You need to create two tables for sphinx:
- sphinx_ads_deleted – Will contain deleted items from ads. The deleted items are inserted for the DELETE trigger in ads
- sphinx_counter – Will contain the updated last id and modification date since the last reindex
You need to define a DELETE trigger found bellow in the ads table.

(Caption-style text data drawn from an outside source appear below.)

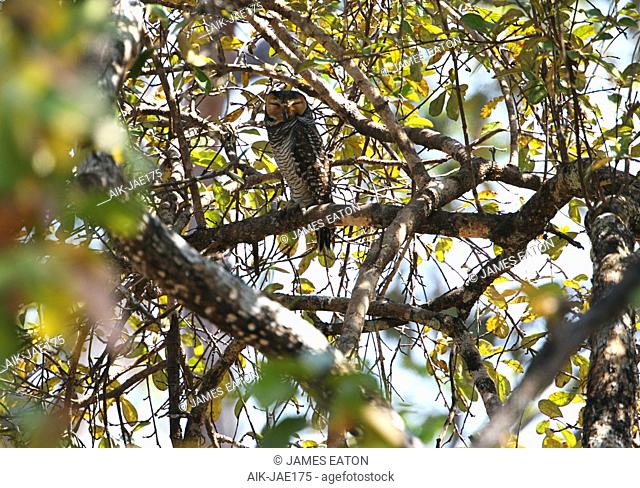 Spotted wood owl (Strix seloputo seloputo) during daytime roosting high in a tree in Cambodia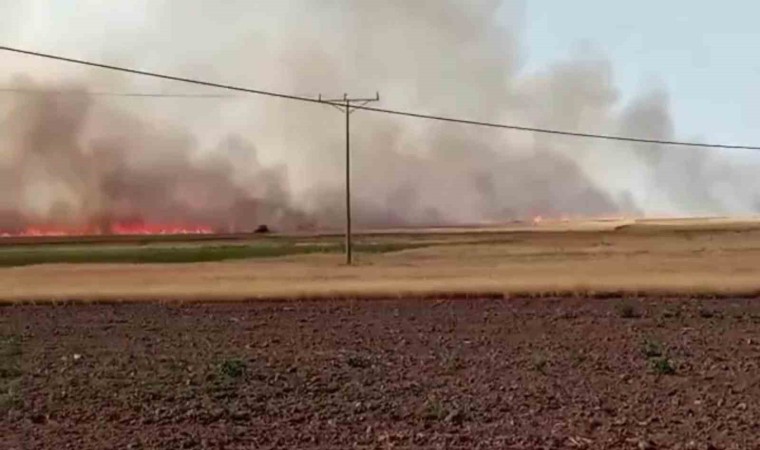 Ankarada 500 dönümlük tarla yangında kül oldu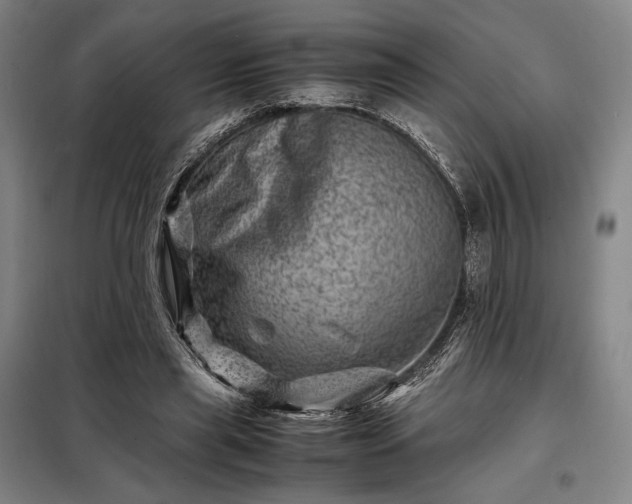 X0000098220445200805011238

I will include the structure for my ads table also.
--
-- Table structure for table `ads`
--
CREATE TABLE IF NOT EXISTS `ads` (
`id` int(11) unsigned NOT NULL AUTO_INCREMENT,
`category_id` int(10) unsigned NOT NULL,
`user_id` int(10) NOT NULL,
`currency` enum('CHF','EUR','RON','USD') NOT NULL,
`price` decimal(10,2) DEFAULT NULL,
`name` varchar(350) NOT NULL,
`exchange` tinyint(1) DEFAULT NULL,
`slug` varchar(200) NOT NULL,
`description` text,
`promo` tinyint(1) DEFAULT NULL,
`promo_start` date DEFAULT NULL,
`promo_end` date DEFAULT NULL,
`modified` datetime DEFAULT NULL,
`created` datetime NOT NULL,
`active` tinyint(1) NOT NULL DEFAULT '1',
`expires` date DEFAULT NULL,
`views` int(10) unsigned NOT NULL DEFAULT '0',
`owner_name` varchar(150) NOT NULL,
`phone` char(10) DEFAULT NULL,
`county_id` int(10) unsigned NOT NULL,
`city_id` int(10) unsigned NOT NULL,
PRIMARY KEY (`id`),
UNIQUE KEY `slug` (`slug`),
KEY `popularity` (`views`),
KEY `fk_category` (`category_id`),
KEY `user_id` (`user_id`),
KEY `status_user` (`active`,`user_id`),
KEY `category_currency_modified` (`category_id`,`currency`,`modified`),
KEY `exchange` (`exchange`),
KEY `county_id` (`county_id`,`city_id`)
) ENGINE=InnoDB DEFAULT CHARSET=utf8;
--
-- Triggers in `ads`
--
DROP TRIGGER IF EXISTS `ads_trigger_delete`;
DELIMITER //
CREATE TRIGGER `ads_trigger_delete` AFTER DELETE ON `ads`
FOR EACH ROW BEGIN
# add deleted items to sphinx saerch
IF (@DISABLE_TRIGGERS IS NULL) THEN
INSERT INTO sphinx_ads_deleted (id, deleted_on) VALUES (OLD.id, NOW());
END IF;
END
//
DELIMITER ;
-- --------------------------------------------------------
--
-- Table structure for table `sphinx_ads_deleted`
-- Will contain deleted items from ads
-- The deleted items are inserted for the DELETE trigger in ads
--
CREATE TABLE IF NOT EXISTS `sphinx_ads_deleted` (
`id` int(10) unsigned NOT NULL,
`deleted_on` datetime NOT NULL,
KEY `deleted_on` (`deleted_on`)
) ENGINE=InnoDB DEFAULT CHARSET=utf8;
-- --------------------------------------------------------
--
-- Table structure for table `sphinx_counter`
-- Will contain the updated last id and modification date since the last reindex
--
CREATE TABLE IF NOT EXISTS `sphinx_counter` (
`counter_id` varchar(20) NOT NULL,
`max_doc_id` bigint(20) unsigned NOT NULL,
`last_updated` datetime NOT NULL,
PRIMARY KEY (`counter_id`)
) ENGINE=InnoDB DEFAULT CHARSET=utf8;
Useful commands
- start/stop/restart service:
- service searchd restart
- reindex
- indexer –rotate ads_main
rotate will update index named ads_main even if it is in use
Cron jobs (update schedule)
Usually the main index is rebuilt once a day, and the delta updates more frequently.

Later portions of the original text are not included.